Dans les années 70, les Brésiliens, invités à déclarer leur couleur de peau, avaient répondu par un nuancier de 136 couleurs, comme branquinha («bien blanche»), queimada de praia («brûlée de plage»), cor-de-ouro («couleur d’or») ou encore puxa-para-branco («tendant vers le blanc»).

«Une révolution silencieuse»

[…] Les métis, qui forment le gros des Afrodescendentes, ne se sentent pas forcément noirs. L’ex-joueur Ronaldo s’était même déclaré blanc, à la surprise générale. L’idéal du blanchiment a la vie dure. Depuis quelques années, cependant, la négritude s’assume plus facilement. Les politiques de quotas y ont contribué, les candidats devant se déclarer de couleur pour en bénéficier. Pour Jacques d’Adesky, «une révolution silencieuse est en marche au Brésil. Il n’y aura pas eu besoin de faire couler le sang comme aux États-Unis». Les mesures de réparation envers les descendants des esclaves se multiplient en effet et devraient permettre à terme d’élargir la classe moyenne de couleur.
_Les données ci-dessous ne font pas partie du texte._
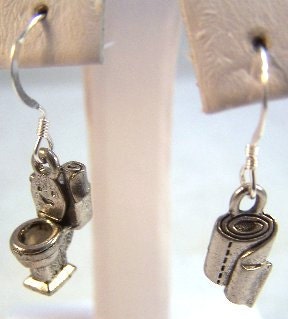 Toilet/ Toilet Paper Dangle Earrings - Free Shipping to US - (2531-0053)
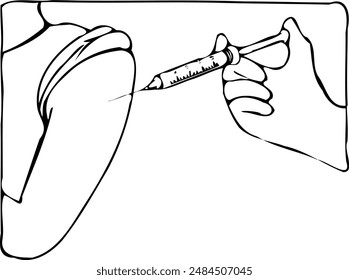 Vaccination in left arm. Hand with syringe gives an injection in the shoulder. Vector black line illustration of vaccine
Depuis 2013, les quotas sont devenus obligatoires dans les universités fédérales, qui forment l’élite du pays. La loi mélange critères raciaux et sociaux. Elle réserve la moitié des places aux élèves de l’école publique, indépendamment de leur appartenance ethnique. Un «sous-quota» est destiné explicitement à ceux qui sont de couleur ou indiens, au prorata de la représentation démographique de leur groupe ethnique dans tel ou tel État du Brésil.

Pour le mouvement noir, c’était la seule façon d’éviter la discrimination. Sans le critère racial, les élèves blancs du public risquaient, selon lui, de rafler toutes les places. Le gouvernement vient également de faire voter une loi similaire, qui réserve aux Afrodescendentes 20% des places dans les concours pour les postes de l’administration publique fédérale.

A la télévision aussi, les choses bougent. Les telenovelas, les feuilletons télévisés, s’ouvrent aux acteurs de couleur et ne les confinent plus aux rôles de la bonne ou du bandido. Et les Negros ont maintenant un symbole : Joaquim Barbosa, président de la Cour suprême. Premier Noir à siéger à la plus haute cour du pays, il avait été nommé par Lula… avant de condamner pour corruption les responsables de la formation de l’ex-président, le Parti des travailleurs. Son intransigeance, dans un pays où règne l’impunité, en a fait un héros national. Bien des Blancs l’auraient vu président. […]

(1) «Le Brésil au XXIe siècle : naissance d’un nouveau grand», éditions Fayard, 409 pp., 24 €.